His story is told in writer and director Jonathan Jakubowiez’s new film Resistance

Beginning in 1938 just prior to the start of the war, Marcel Mangel, (Jesse Eisenberg), as he was known then, is living in a town on the French/German border. Wanting to be a famous clown, he performs in local theatres giving impressions of Charlie Chaplin, Mangel is more interested in himself than he is in helping others.

Mangel’s life changes when orphaned Jewish children arrive from Germany. Put up in a local castle Mangel uses his clown routine to entertain the children and distract them from the horrors that are going on around them.

As war is declared the children and Mangel are evacuated to the South of France.

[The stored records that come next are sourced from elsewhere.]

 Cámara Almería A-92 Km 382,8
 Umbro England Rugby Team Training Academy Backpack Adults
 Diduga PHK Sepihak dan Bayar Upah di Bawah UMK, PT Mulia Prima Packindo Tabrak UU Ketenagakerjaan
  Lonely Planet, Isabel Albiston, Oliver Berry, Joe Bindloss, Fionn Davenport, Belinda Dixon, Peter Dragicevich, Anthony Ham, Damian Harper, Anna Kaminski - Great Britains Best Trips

After the South of France is overrun by the Nazis and the children’s chances of survival diminish by the day Mangel, now called Marceau after he doctors his passport, along with other members’ of the resistance decide that they must get as many children out of France and to the safety of Switzerland as they can.

Marceau’s life story is certainly one worth telling even if it’s slightly flawed as is the case with Resistance. This is perhaps down to the casting of Eisenberg who at no time looks comfortable in the role, his awkward attempt at mime makes it difficult to believe that Marceau, as the caption states at the end of the film, was to go on and become the greatest mime artist the world had ever seen.

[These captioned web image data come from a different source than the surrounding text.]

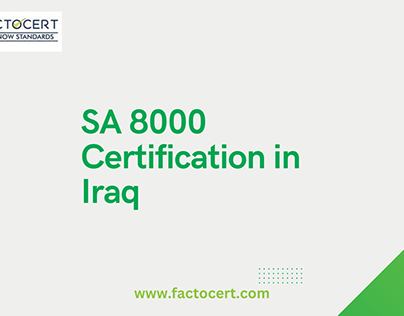 Cost and criteria for SA 8000 Certification in Iraq?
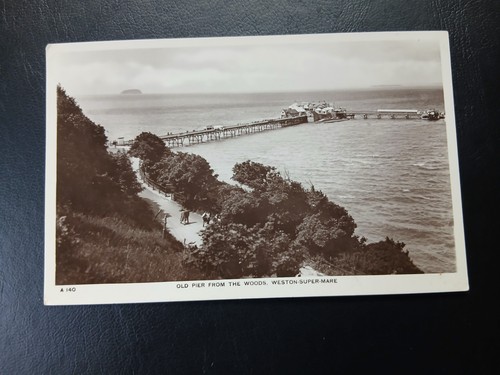 Old pier from - from, woods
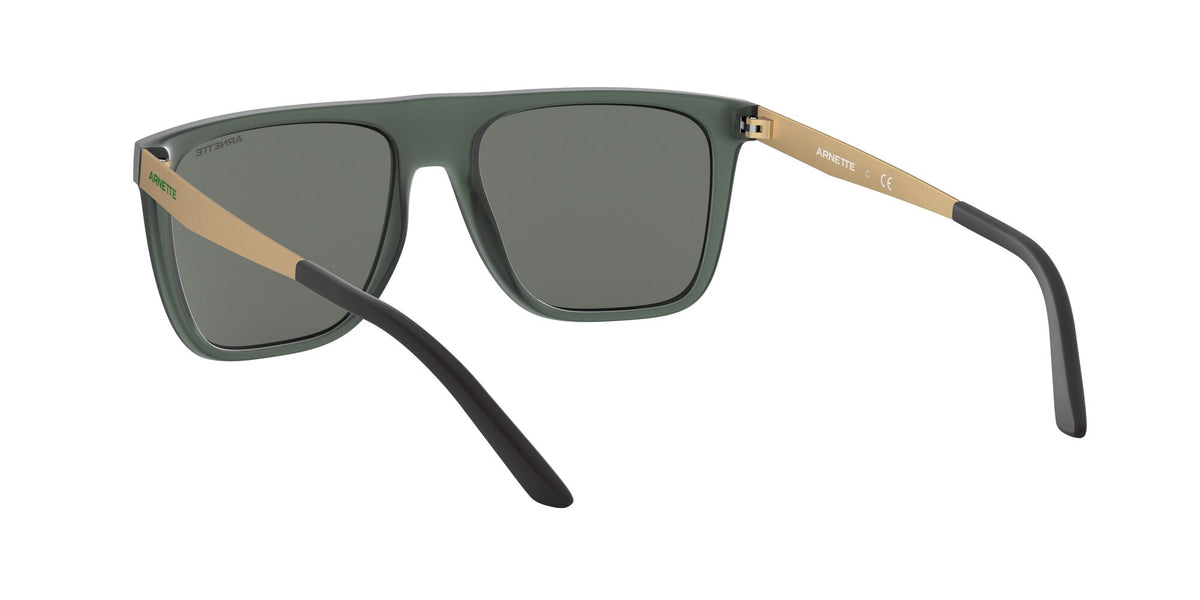 Arnette Chapinero 0AN4261 Matte Transparent Green / Dark Grey 55 / Plastic / Injected / Metal
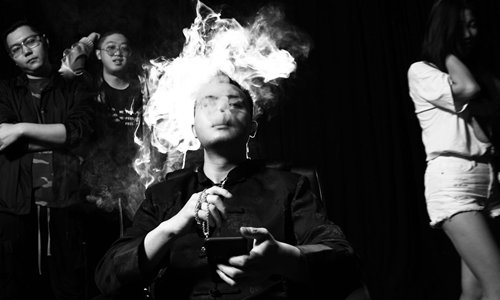 Chinese Rapper Receives Boos And Applause For Lyrics We Ll Make Americans Call Us Daddy Global Times not music related add artist related report fake views remove linked artist add lyrics add lyrics translation. global times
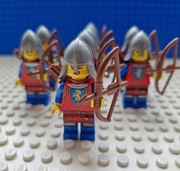 Lego Castle łucznik/ łuczniczka rycerz 10305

A story that involves rescuing children whose lives are in danger should make you feel that the lives of the children are hanging in the balance, with the exception of a few scenes, which come mostly towards the end and stretch credibility, there’s very little tension throughout the film.

Whilst Eisenberg’s performance might be questionable Matthias Schweighofer is great as the tyrannical and sadistic Gestapo chief Klaus Barbie as is Clémence Poésy who plays Emma, a member of the resistance and the object of Marceau’s affections.

An enjoyable if somewhat underwhelming watch.